- Supreme Court of the United States

Argued March 22, 1921 Decided May 16, 1921
- Full case name: Dillon v. Gloss, Deputy Collector
- Citations: 256 U.S. 368 (more) 41 S. Ct. 510; 65 L. Ed. 994; 1921 U.S. LEXIS 1612

Case history
- Prior: 262 Fed. 563

Holding
- Congress may, if it chooses to, fix a reasonable time for ratification of a constitutional amendment, and a period of seven years is reasonable.; A Constitutional amendment becomes a part of the Constitution upon being ratified by three-fourths of the states; thus, the Eighteenth Amendment became a part of the Constitution on January 16, 1919, and the federal legislation enacted to carry out its intent entered into force on January 16, 1920.;

Court membership
- Chief Justice Edward D. White Associate Justices Joseph McKenna · Oliver W. Holmes Jr. William R. Day · Willis Van Devanter Mahlon Pitney · James C. McReynolds Louis Brandeis · John H. Clarke

Case opinion
- Majority: Van Devanter, joined by unanimous

Laws applied
- Article V of the Constitution
- Overruled by
- Coleman v. Miller (1939) (in part)

= Dillon v. Gloss =

Dillon v. Gloss, 256 U.S. 368 (1921), was a case in which the Supreme Court of the United States held that Congress, when proposing a constitutional amendment under the authority given to it by Article V of the Constitution, may fix a definite period for its ratification, and further, that a seven-year period, such as that fixed by Congress in the resolution proposing the Eighteenth Amendment, is reasonable.

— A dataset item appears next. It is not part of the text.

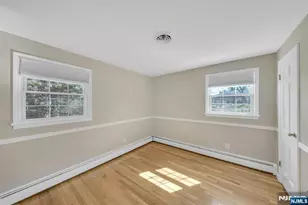 366 Valley View Ave, Paramus, NJ 07652 - Photo 33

Additionally, the Court, upon taking judicial notice that the Eighteenth Amendment became a part of the Constitution on January 16, 1919, when its ratification in the state legislatures was consummated, held that the National Prohibition Act, known informally as the Volstead Act, entered into force on January 16, 1920.

==Background==
Dillon had been arrested pursuant to the National Prohibition Act, title 2, § 3, and was in custody under § 26. He was denied his petition for a writ of habeas corpus, and appealed the denial. Dillon claimed that the Eighteenth Amendment, which Title 2 of the act was adopted to enforce, was invalid, because the Congress, in declaring that it should be inoperative unless ratified within seven years, had acted outside its constitutional authority; and, secondly, that, in any event, the law he was charged with violating, and under which he was arrested, had not gone into effect at the time of the asserted violation nor at the time of his arrest on January 17, 1920.

==Syllabus==
1. Article V of the Constitution implies that amendments submitted thereunder must be ratified, if at all, within some reasonable time after their proposal. This was modified in 1939 by Coleman v. Miller, which ruled that proposed amendments with no specified expiration pend ratification before the States indefinitely.
2. Under Article V, Congress, in proposing an amendment, may fix a reasonable time for its ratification.
3. The period of seven years, fixed by Congress in the resolution proposing the Eighteenth Amendment was reasonable.
4. The Eighteenth Amendment became a part of the Constitution on January 16, 1919, when, as the Court notices judicially, its ratification in the state legislatures was consummated, not on January 29, 1919, when the ratification was proclaimed by the Secretary of State.
5. As the Eighteenth Amendment, by its own terms, was to go into effect one year after being ratified, §§ 3 and 26, Title II, of the National Prohibition Act, which, by § 21, Title III, were to be in force from and after the effective date of the Amendment, were in force on January 16, 1920. P. 256 U. S. 376.

The lower court's ruling was upheld.